- Location: Skamania County, Washington, United States
- Nearest city: North Bonneville, Washington
- Coordinates: 45°37′48″N 122°00′01″W﻿ / ﻿45.6301°N 122.0003°W
- Area: 329.38 acres (133.30 ha)
- Established: 1983; 43 years ago
- Governing body: U.S. Fish and Wildlife Service
- Website: Pierce National Wildlife Refuge

= Pierce National Wildlife Refuge =

Wildlife refuge in Washington, United States

The Pierce National Wildlife Refuge is in southwest Washington within the Columbia River Gorge National Scenic Area. It encompasses wetlands and uplands along the north shore of the Columbia River west of the town of North Bonneville. Refuge habitats include wetlands, Columbia River riparian corridor blocks, transitional woodlands from willows to cottonwood/ash to white oak to Douglas fir, improved pastures with some native grasses, and numerous creeks, seeps, and springs.

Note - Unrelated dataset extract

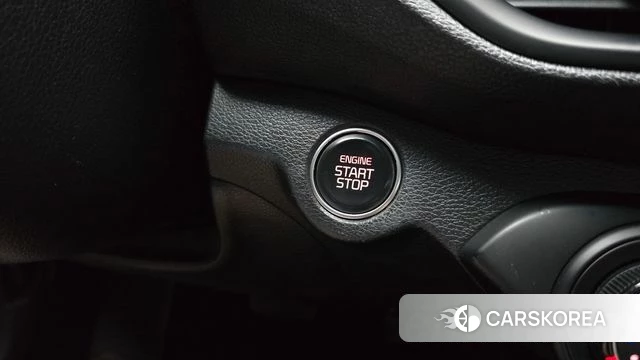 Kia Come New K3 id 4520185 из Кореи 10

Hardy Creek, which bisects the refuge from east to west, supports one of the last remaining runs of chum salmon on the Columbia River. The creek also supports small remnant runs of coho salmon, steelhead, and Chinook salmon as well as a variety of native species of freshwater fish. The refuge headquarters also serves as the main office for Steigerwald Lake and Franz Lake National Wildlife Refuges. Visitor opportunities are limited to arranged group tours and viewing from the summit of Beacon Rock and the Hamilton Mountain Trail (both located in Beacon Rock State Park).